Beef Wellington Hacked

Waiting isn’t easy, whether it is for those test results to come back, waiting on direction for a difficult decision or waiting for answers.  There is something about waiting that makes us feel like we’re standing over a set table and the food is getting cold with each second and why won’t everyone just show up when we’ve already called three times?!

Waiting doesn’t bring out the best in us.  It turns us inside out like a garment and exposes all of our rough edges, our unfinished sides, our untrimmed threads.  We can seem like such good and even holy people until we’re asked to wait.

I enjoy watching cooking shows.  Not the kind where people calmly put together Beef Wellington in their spotless kitchens but the ones where there are time limits, mystery ingredients, competition.  It keeps it interesting.  I like when people are forced to improvise, to modify, to sweat and still produce something beautiful.  There is something more captivating about beauty when it doesn’t emerge from a perfectly controlled and tranquil environment.  When something stunning shows up in the midst of flurry and flour flying and oil spraying and last minute changes and then sits so calmly on its bed of sauce smeared in a wine shaped arc, it gives us hope that it in our flurry and flying and improvisation and sweat that we too can end up with something beautiful.

But sometimes in the hurry, things go awry.  The meat usually.  It isn’t cooking the way they want.  And as the clock ticks down, out come the knives and the chefs invariably start hacking a bigger portion of meat into little pieces, the juices spilling out on the cutting board, seeping away.  They say, “I didn’t want to serve raw meat to the judges” and the critique usually is, “Your meat ended up dry.  And it really doesn’t look appealing at all.”
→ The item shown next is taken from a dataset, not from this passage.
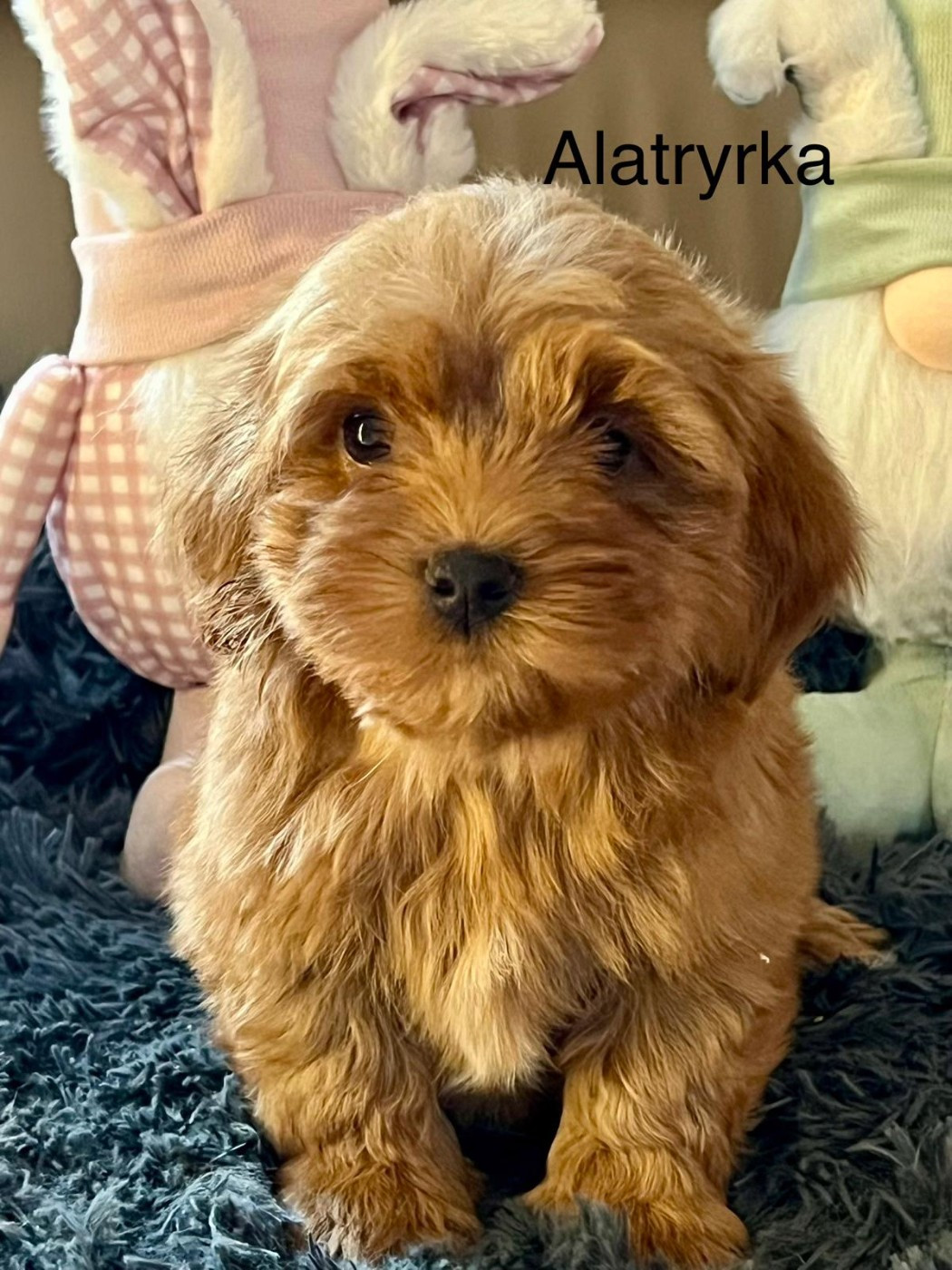 chiots bichons havanais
Most of the time, the clocks we chase are our own, made of our own expectations or hurry or unwillingness to sit and wait with the hard things.  We take what is cooking beautifully, what has been nicely seared to keep the juices in and we start to hack it, watching the juices seep out.  We pan fry to hurry it up because raw is intolerable.  In our haste we overcook the thing.  We lose what we had worked so hard for.  We lose what could have been beautiful.

Can we hold in tension a belief that beauty can be born of flurry but that much of our hurry is born of us and our own impatience?  If so, we may find a calmness, a tranquility and, with fingers flying or stilled, the hope that all things are made beautiful in His time.